■ Activity
Would you repeat word for word the lines of the listing that follows, from the one with "So for example, we" up to and including the one with "First, go to", and leave out the images?

■ Supplied entries
----------------------------------------
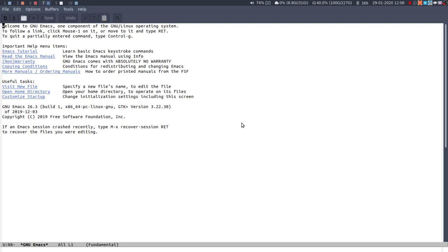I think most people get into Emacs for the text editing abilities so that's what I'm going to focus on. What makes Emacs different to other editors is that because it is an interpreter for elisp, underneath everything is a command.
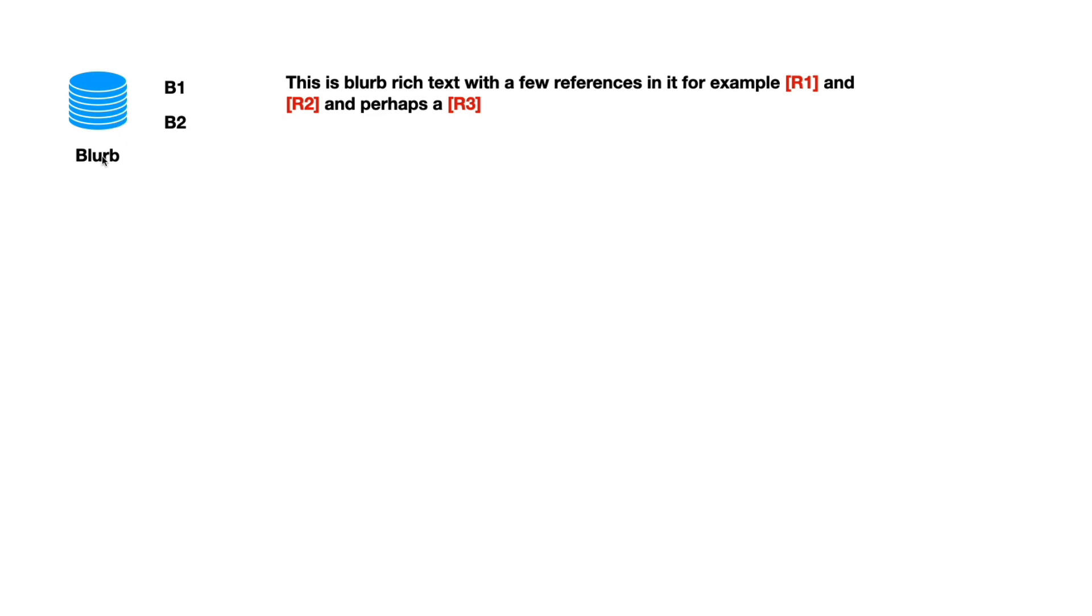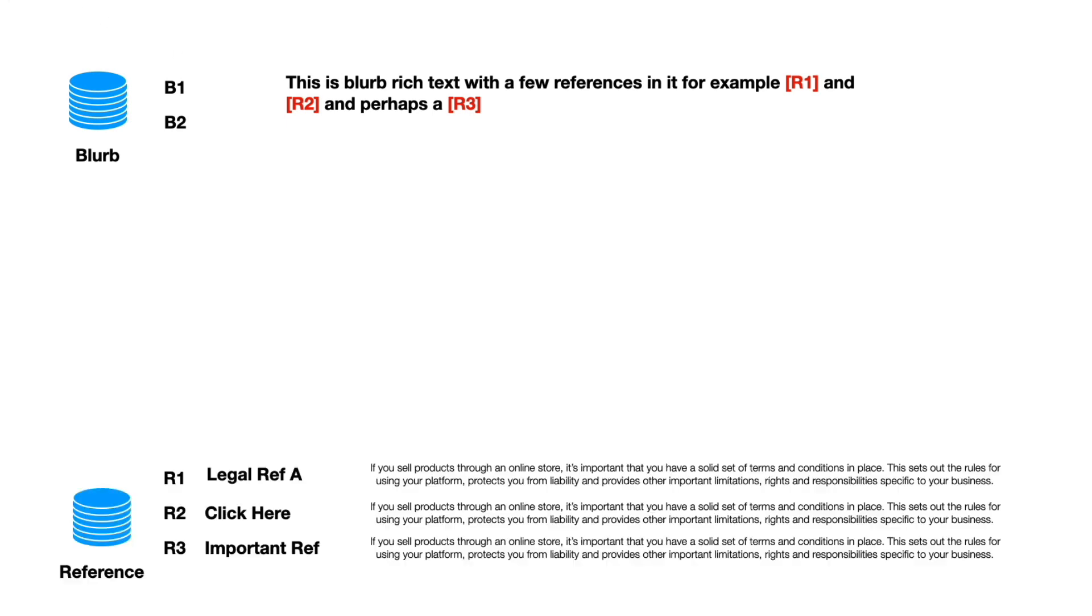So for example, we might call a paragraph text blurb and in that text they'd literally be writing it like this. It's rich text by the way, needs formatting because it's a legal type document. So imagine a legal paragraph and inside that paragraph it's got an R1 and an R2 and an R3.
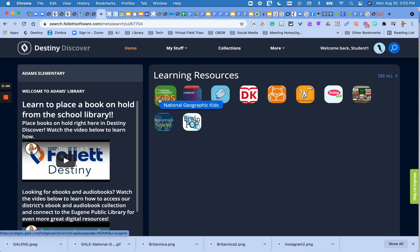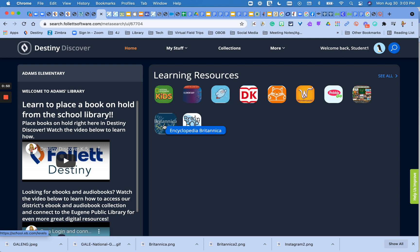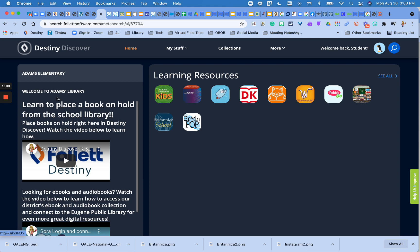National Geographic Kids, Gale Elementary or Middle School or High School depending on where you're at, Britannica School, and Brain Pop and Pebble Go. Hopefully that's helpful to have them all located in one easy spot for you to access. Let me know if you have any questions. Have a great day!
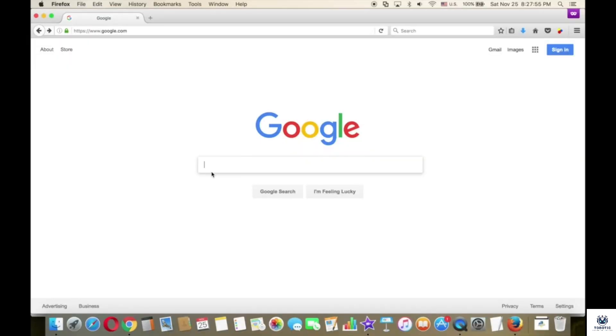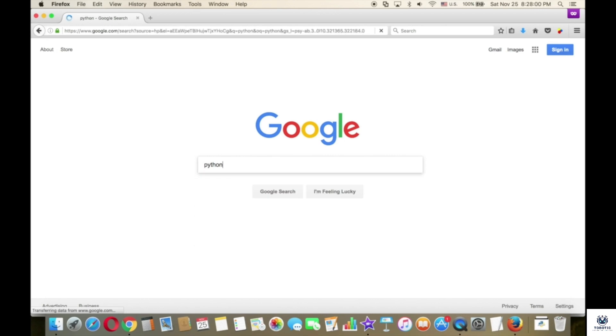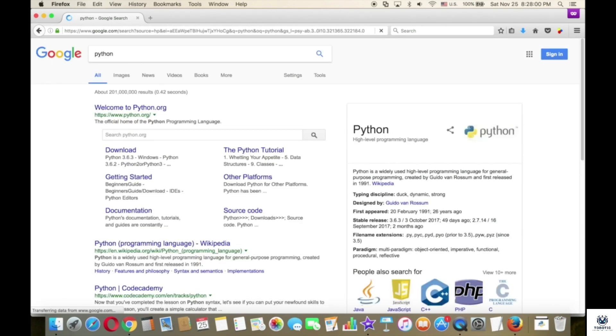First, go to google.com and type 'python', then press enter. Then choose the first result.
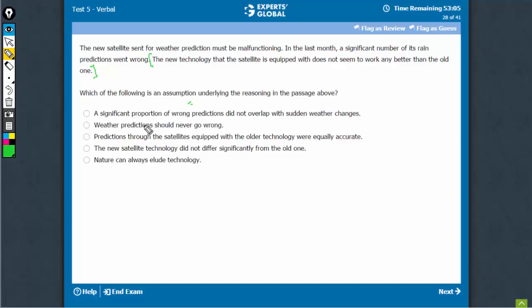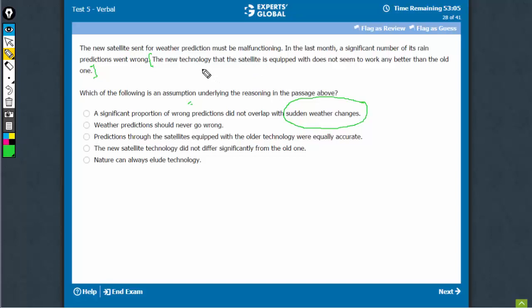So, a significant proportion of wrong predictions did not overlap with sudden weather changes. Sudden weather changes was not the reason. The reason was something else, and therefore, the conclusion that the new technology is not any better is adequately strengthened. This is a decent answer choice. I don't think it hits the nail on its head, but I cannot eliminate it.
----------------------------------------
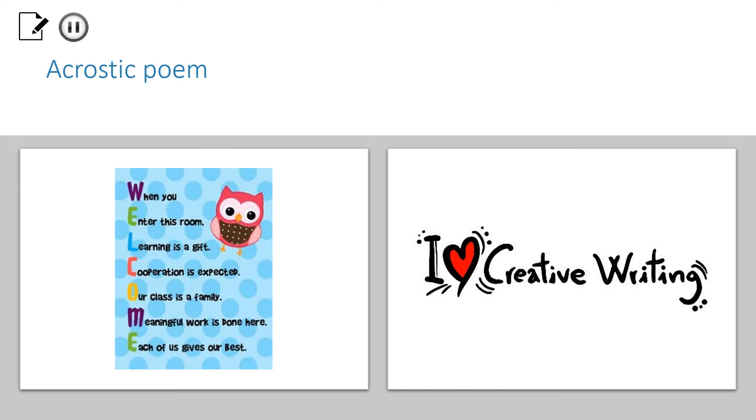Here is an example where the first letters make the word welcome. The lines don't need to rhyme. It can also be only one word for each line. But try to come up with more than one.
----------------------------------------
■ Reply to the task
So for example, we might call a paragraph text blurb and in that text they'd literally be writing it like this. It's rich text by the way, needs formatting because it's a legal type document. So imagine a legal paragraph and inside that paragraph it's got an R1 and an R2 and an R3.
National Geographic Kids, Gale Elementary or Middle School or High School depending on where you're at, Britannica School, and Brain Pop and Pebble Go. Hopefully that's helpful to have them all located in one easy spot for you to access. Let me know if you have any questions. Have a great day!
First, go to google.com and type 'python', then press enter. Then choose the first result.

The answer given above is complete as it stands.